Now depending on how devious the Cyber Challenge folks have been, and how evil they were feeling when writing the puzzle, there's a couple of things they could have done (one time padding etc.). A good guestimation of difficulty of the next step is to find the number of different pairs in this ciphertext, the more numbers of pairs the hard it's going to be to crack.
So we repeat the previous step but sort them and count the unique pairs:
$ sed 's/../&\n/g' second | sort -u| wc -l
56! Jackpot! That gives us enough for upper/lower case letters and some change for other characters, so it looks like this is a substitusion cipher, where every letter is replaced by something else.
I repeat the previous command but pipe the output into two files "second.split" and "uniqpair" to play with. Looking at uniqpair there seems to be some sort of pattern, but not one that jumps out, so there may be more than a simple substitution cipher going on here
Lets look at the pairs in a bit more detail, how often do the pairs occur in the cipher text?
$ for i in $(cat uniqpair); do echo -ne $i","; cat second.split | grep $i | wc -l; done
So we can see that some pairs occur very regularly, others rarely (77 instances of the pair "04", but only 1 instance of "05"). Now, letters in most language are not evenly distributed throughout words, however they are fairly consistently distributed. Looking at this is called frequency analysis and is a very handy tool in cryptanalysis.
If this is a substitution cipher we can look at the cipher-text and have a bloody good guess at what letters the pairs are likely representing. Now we're only working with 500 characters, and quite a few characters that only have one instance, so we can't simply say $a is $X, but what we can do is start with the common letters and say $a is quite likely to be $X, $Y or $Z lets see what happens if we replace $a with $X. This is where your brain is so much better than a computer because your brain can asign context to anything that pops out.
I put the pair counts in a spreadsheet so I could easily sort by occurance or pair as and when my brain needed it.

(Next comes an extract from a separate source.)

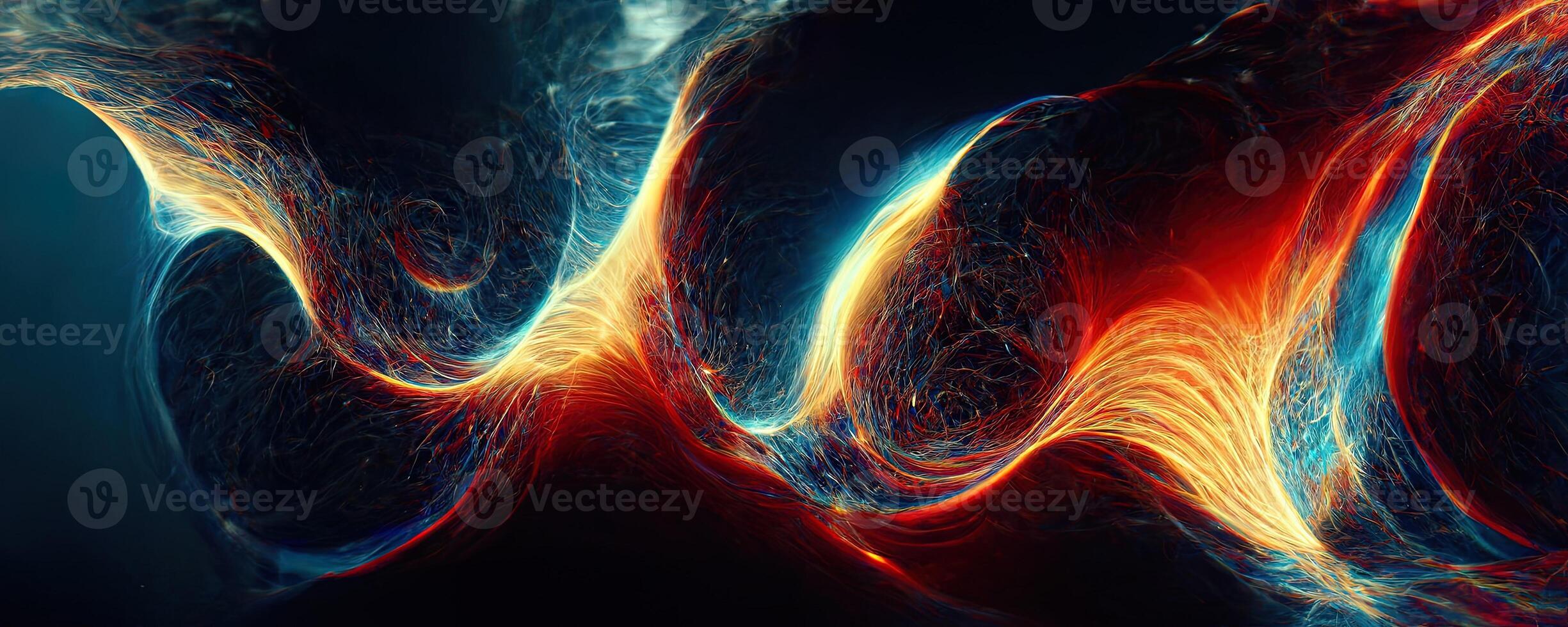 Illusion or dream, innovation or exploration, technology or sci fi. Physics quantum fluctuations 8k octane rendered ultra realistic. Digital art banner for game or movie. photo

Now this is where I made my big mistake. I'll admit it, I'm not proud. I'm ocationaly stupid, but not proud. Remember when we looked at the unique pairs in the cipher text and we found 56 pairs which "gives us enough for upper/lower case letters and some change for other characters"?
I totally forgot this, so when I started to look at replacing $a with $X, $Y or $Z I didn't think about this being a chunk of writing, and in chunks of writing the most common character isn't a letter, it's a space. So I drove myself insane for 90mins, going down the wrong path finding dead ends at every turn.
Once we've got the spaces we've got the word lengths, once we've got the word lengths finding the letters becomes much easier. I usually start by trying to find the T's as they're the second most common letter and very commonly found next to H's and then E's. This gives us a good framework to build on.
Once we've put all the letters that we can in, we're still left with a bunch of yet to be deciphered pairs. Annoyingly they're obviously the pairs we actually need.
Lets look at what we have so far. We have pairs of hex characters and we have some of them deciphered into plain-text. There must be some patern to find. Lets look at the relationship of upper to lowercase letters
so we can see there's some pattern between upper and lower case, which might help with some parts of the cipher-text, but it looks like we're looking for non alpha characters so there must be more.
If we match up the plain-text with our handy ASCII table from stage two of the puzzle we get
I still feel like we're on the right track, but how do we get 41 from 28?
Break it down some more.
Wait! what's that?
By jove I think we've got it! The plain-text is having it's last three bits shunted to the front.
All that remains is to apply this in reverse to the remaining encrypted characters to get the complete plain-text, follow the instructions and wait to hear if we're right!